← Bookmarks 📄 Article

So You Want to Build Your Own Data Center

Railway spent 9 months building their own data centers from scratch to escape Google Cloud's existential risks—here's why managing fiber optic cables and 3-phase power turned out to be easier than dealing with GCP support.

· infrastructure
Read Original
Summary used for search

• Railway migrated off GCP because hyperscalers posed existential business risk through pricing constraints, service limitations, and zero support despite millions in annual spend
• Building a data center cage involves power density calculations ($/kW varies 2x by geography), redundant ISP selection based on regional peering, and cold/hot aisle airflow design—closer to construction than DevOps
• Each install phase requires documenting 300+ cables across 60+ devices in Excel before contractors can rack and stack—wrong PDU orientations, fiber polarity issues, and faulty power sockets are common gotchas
• Network design uses BGP to consolidate routing tables from multiple ISPs, selecting optimal paths per IP prefix (e.g., Telstra for Australian traffic, PCCW for Japan)
• The payoff: control over pricing (no egress fees), service quality, and engineering capabilities that hyperscalers fundamentally can't provide

Railway's journey from Google Cloud Platform to bare metal infrastructure reveals the hidden costs and constraints of hyperscalers. Despite multi-million dollar annual spend, they received minimal support, faced unexplained outages, and hit engineering constraints that prevented them from delivering competitive pricing and features to customers. The decision to build their own data centers wasn't just about cost—it was about survival and control.

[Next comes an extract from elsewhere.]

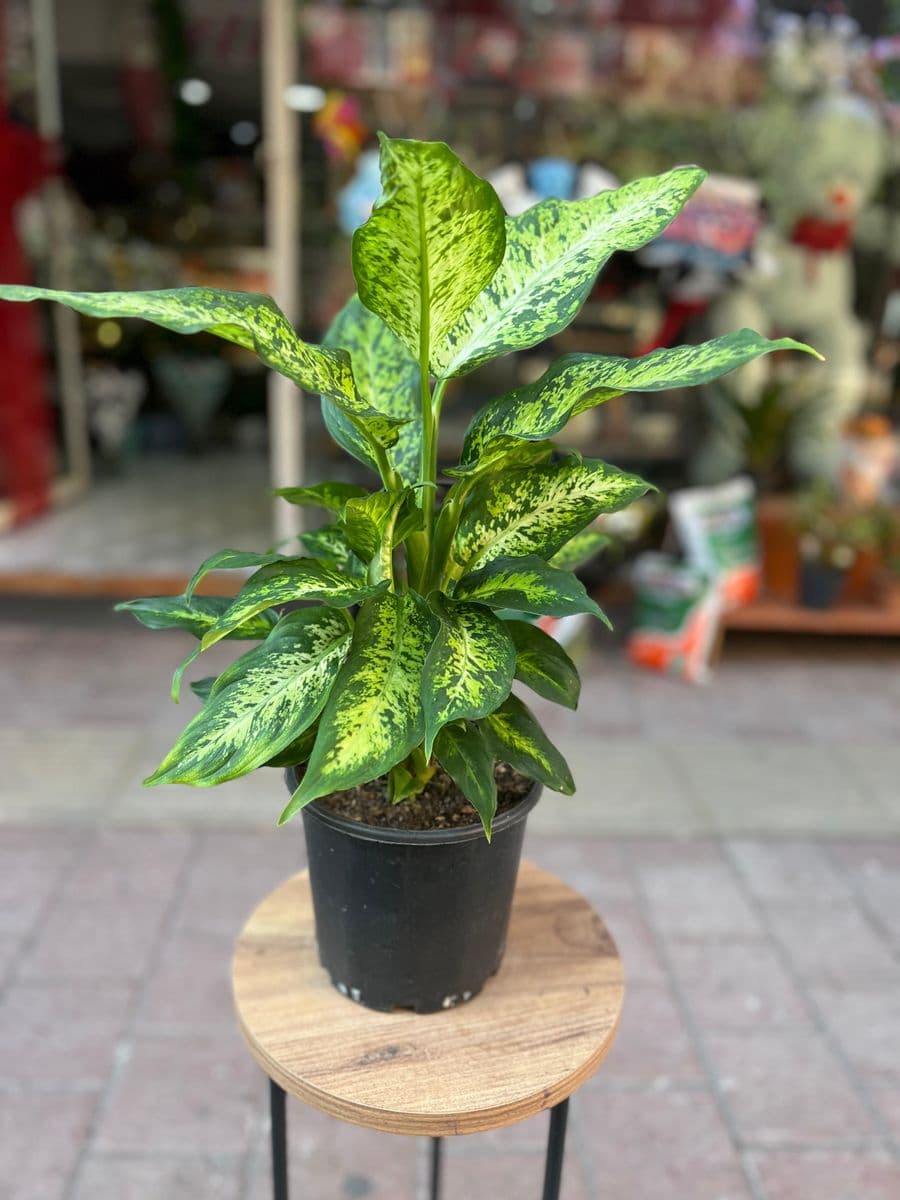 Aglaonema - Küçük Görsel 2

The physical buildout process is remarkably different from software infrastructure. Power is the critical resource, paid as a fixed monthly commit regardless of consumption, with costs varying 2x between geographies like US West Coast versus Singapore. They chose cage colocation (private space with mesh walls) over greenfield or rack colocation, then had to solve power density calculations, select PDUs with remote metering capabilities, and design cold/hot aisle airflow. Network connectivity required contracting with multiple Tier 1 ISPs selected for regional footprint maturity, then using BGP to consolidate routing tables and optimize packet handoff per destination—sending Australian traffic to Telstra, Japanese traffic via PCCW's NTT peering.

The operational complexity is intense: each install phase involves 60+ devices and 300+ discrete cables, all documented in Excel-based cabling matrices and rack elevations before contractors can begin. Common issues include upside-down PDUs reversing socket numbering, facilities wiring power phase-to-neutral versus phase-to-phase, contractors mounting reverse-airflow switches backwards, wrong fiber polarity requiring "rolling cables" (swapping LC connector plugs), and faulty PDU sockets requiring rubber mallets. The team built internal tools (Railyard and MetalCP) to automate generating build specifications and managing the infrastructure. Their network uses FRR and SONiC on whitebox switches for a software-driven L3-only design that integrates with their control plane.